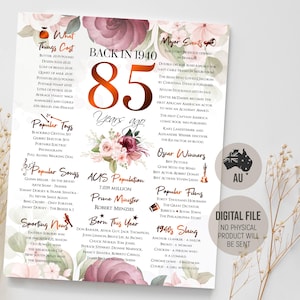Placa com curiosidades sobre a Austrália em 1940, pôster do 85º aniversário, decorações de festa para ela, Austrália em 1940, ideia de presente, download para impressão digital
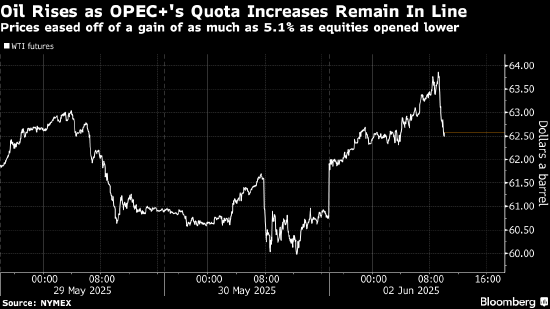 原油价格飙升 地缘担忧加剧之际OPEC+增产幅度低于预期 第2张 原油价格飙升 地缘担忧加剧之际OPEC+增产幅度低于预期 第2张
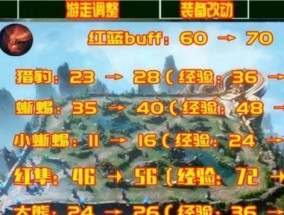 王者荣耀19级快速升级秘诀？达到19级需要哪些条件？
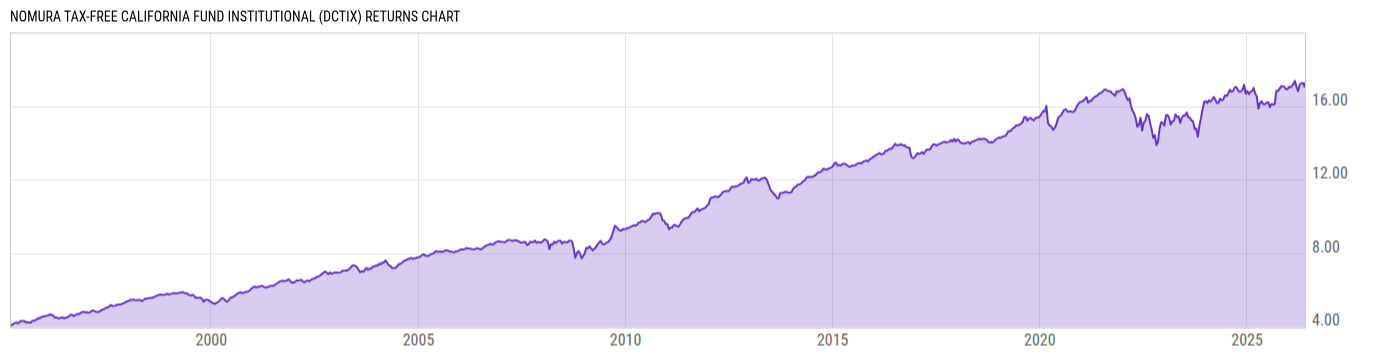 Returns Chart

_____

Copy all of the listing word for word, minus the images.

Placa com curiosidades sobre a Austrália em 1940, pôster do 85º aniversário, decorações de festa para ela, Austrália em 1940, ideia de presente, download para impressão digital
 原油价格飙升 地缘担忧加剧之际OPEC+增产幅度低于预期 第2张 原油价格飙升 地缘担忧加剧之际OPEC+增产幅度低于预期 第2张
 王者荣耀19级快速升级秘诀？达到19级需要哪些条件？
 Returns Chart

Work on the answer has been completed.